It’s safe to say that very few of us ever expected to be living at the beginning of a Cormac McCarthy novel, yet here we are.
So now what?
Businesses are dynamic, living, perpetual motion machines. The one thing businesses aren’t made to do is sit around and wait. Enforced idleness is anathema to business leaders, and in our present situation it’s combined with another element we dislike almost as much–uncertainty.
At some point the starter’s whistle is going to blow and it will be a headlong rush to get back to what we do. But we don’t know when that will be or what the landscape around us will look like when it comes.
Talk about uncertainty!
Still, some examples from the past show that taking action during hard times can be a company’s best choice. One great example is Procter & Gamble.
The Great Depression took a staggering toll on consumer product companies.

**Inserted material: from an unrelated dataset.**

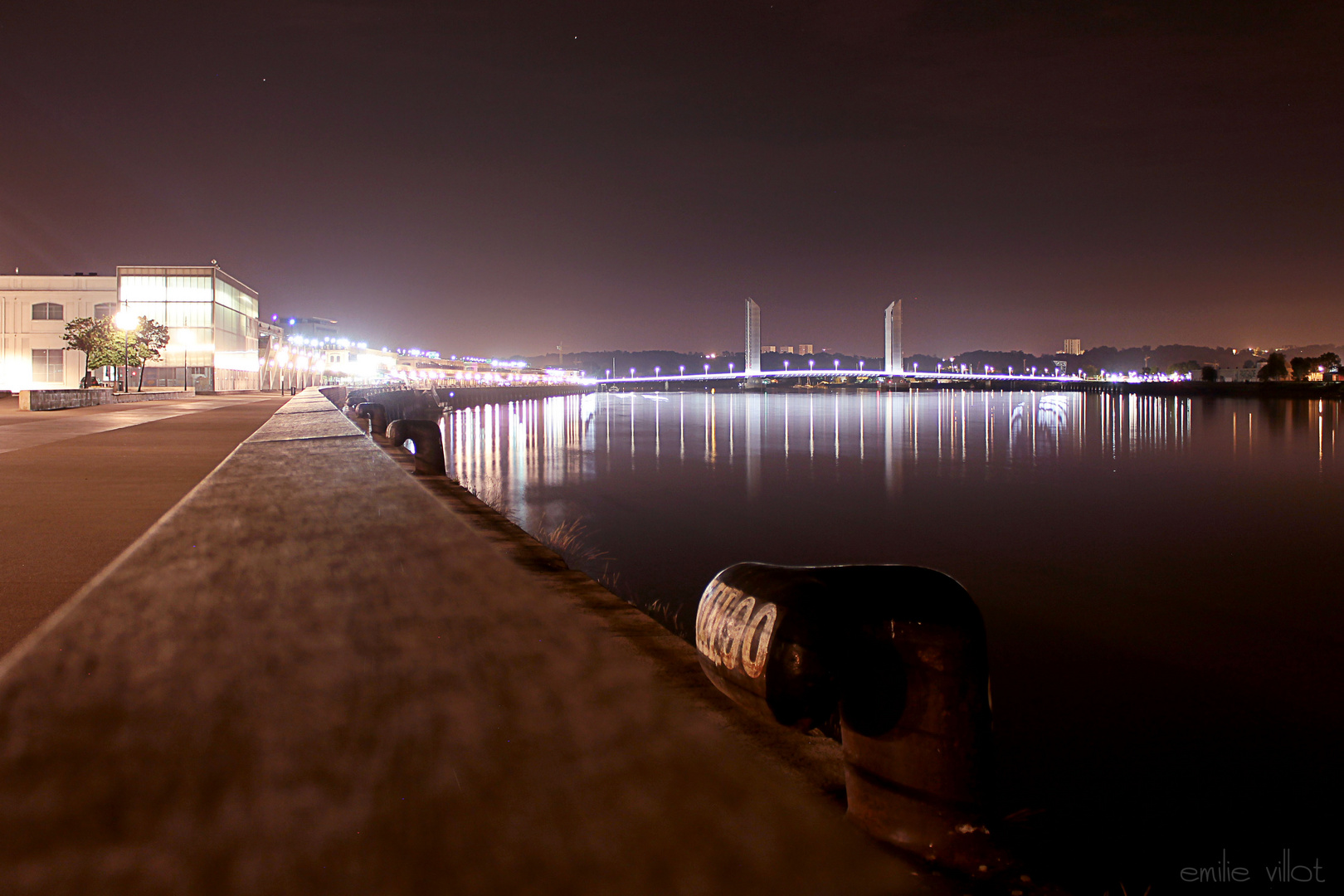 Bordeaux - les Quais - Pont Chaban Delmas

With a quarter of the population unemployed, inventories piled up at makers of soaps, cleaners and other products at companies like P&G.
Instead of backing down on advertising and marketing expenses to stockpile cash, P&G took the opposite direction and sought new ways to reach consumers. One of the more innovative was in the company’s sponsorship of radio programs about good people striving to get by in their daily lives. Targeted at homemakers, the serial programs featured high drama and an operatic flair.
Sponsored as they were by a soap company, the shows became known as soap operas and were a huge hit with the decision makers in buying household products. The shows helped P&G build the name recognition and brand loyalty that helped the company survive and thrive, even in the Great Depression.
Right now is the right time to ask, what is going to be your soap opera strategy?